### Excerpted data

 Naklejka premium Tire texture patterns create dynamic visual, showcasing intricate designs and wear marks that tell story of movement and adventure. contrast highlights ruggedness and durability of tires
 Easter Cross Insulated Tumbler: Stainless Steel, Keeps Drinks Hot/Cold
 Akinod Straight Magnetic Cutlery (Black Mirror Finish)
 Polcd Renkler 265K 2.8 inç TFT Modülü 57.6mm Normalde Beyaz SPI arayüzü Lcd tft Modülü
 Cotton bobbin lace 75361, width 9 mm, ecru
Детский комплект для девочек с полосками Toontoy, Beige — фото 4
...
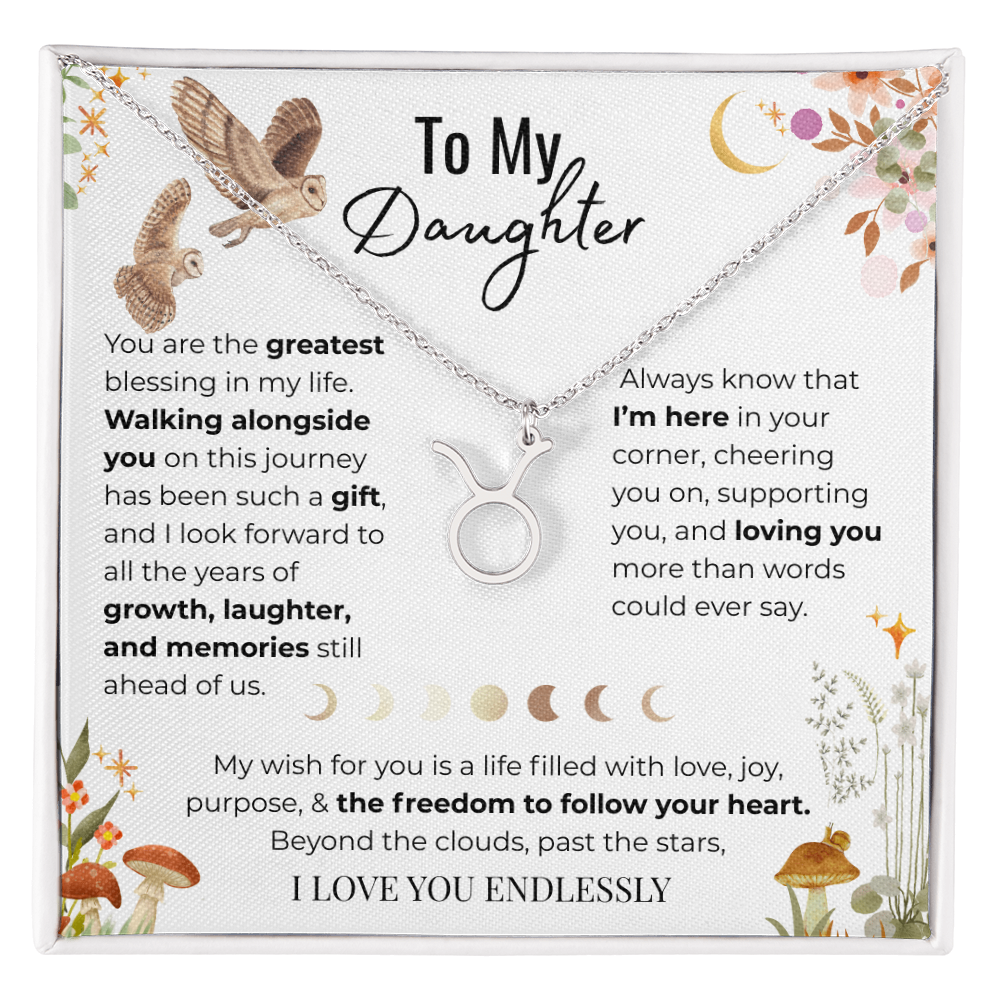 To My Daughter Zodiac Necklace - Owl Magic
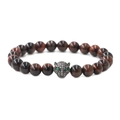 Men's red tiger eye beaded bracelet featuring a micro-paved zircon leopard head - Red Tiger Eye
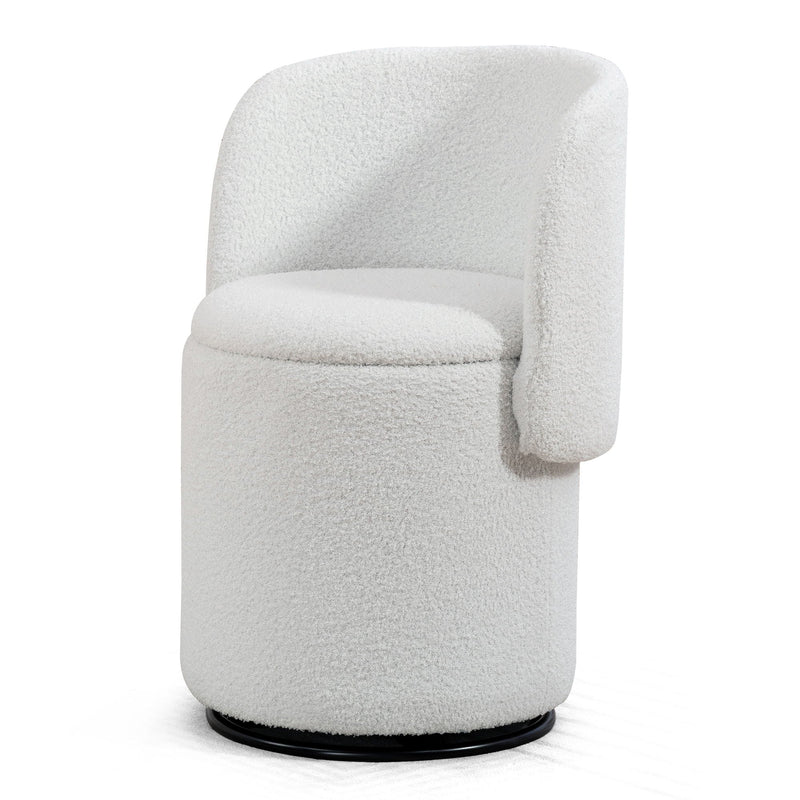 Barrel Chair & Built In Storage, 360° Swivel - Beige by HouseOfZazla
==
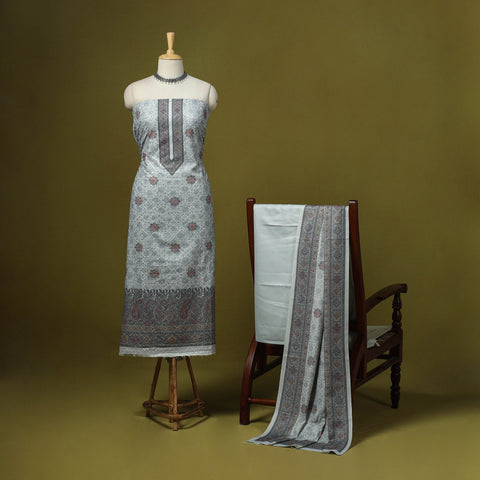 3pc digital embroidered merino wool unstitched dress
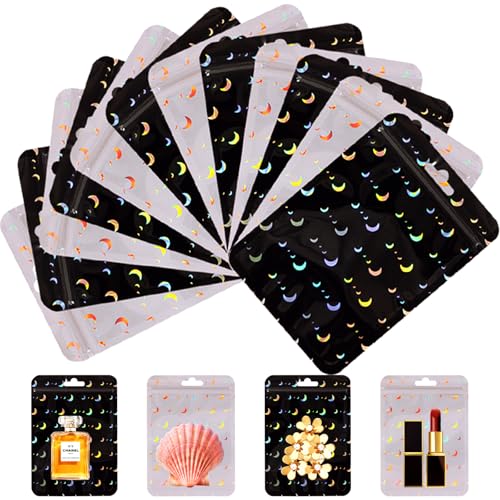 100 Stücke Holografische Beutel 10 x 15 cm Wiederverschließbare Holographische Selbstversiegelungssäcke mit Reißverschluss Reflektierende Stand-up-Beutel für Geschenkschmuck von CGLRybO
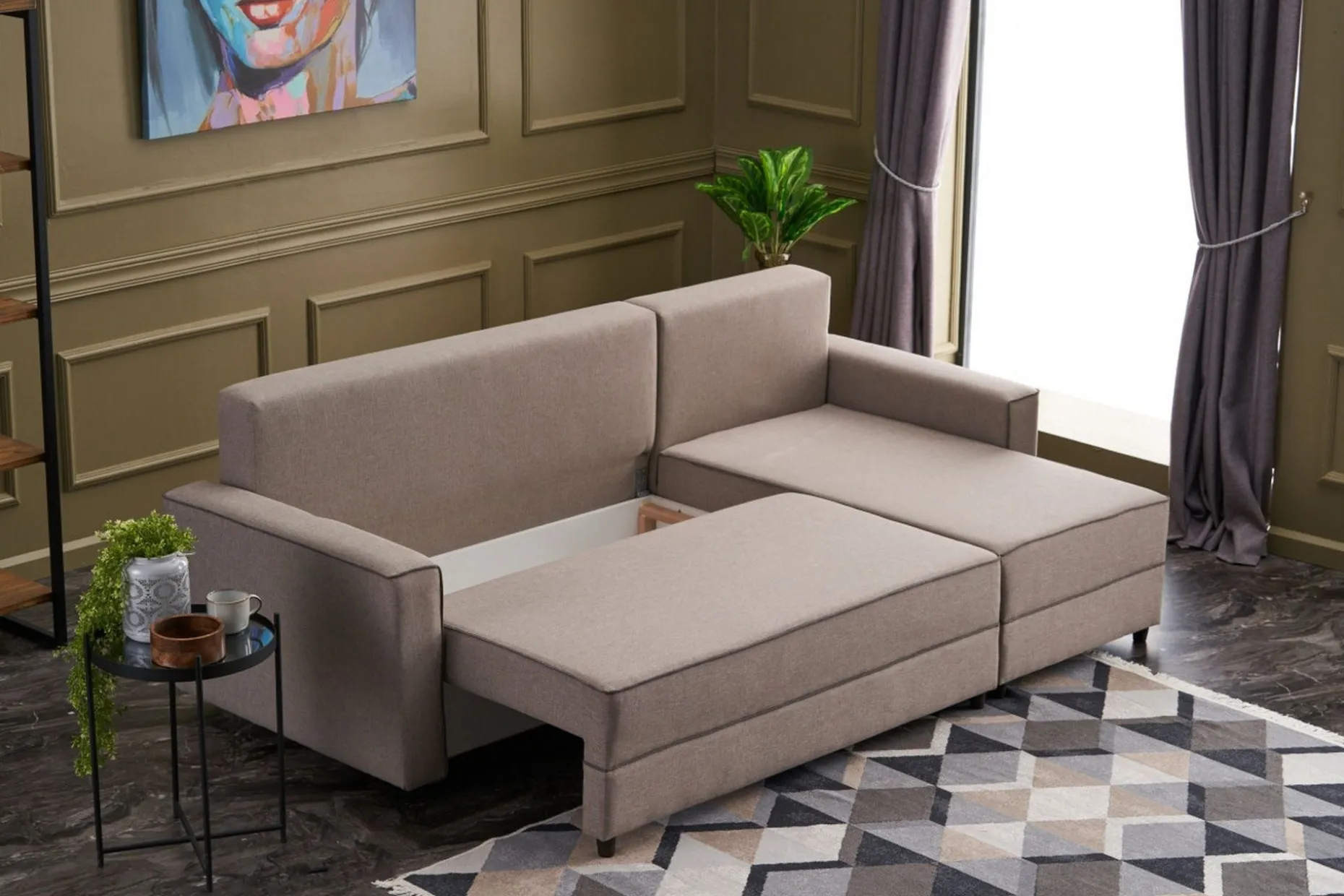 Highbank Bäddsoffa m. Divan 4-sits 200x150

### Task goal
In the data above, take the line with "100 Stücke Holografische", the line with "Highbank Bäddsoffa m. Divan 4-sits 200x150", and every line between, and set them down exactly without pictures.

### Solution
 100 Stücke Holografische Beutel 10 x 15 cm Wiederverschließbare Holographische Selbstversiegelungssäcke mit Reißverschluss Reflektierende Stand-up-Beutel für Geschenkschmuck von CGLRybO
 Highbank Bäddsoffa m. Divan 4-sits 200x150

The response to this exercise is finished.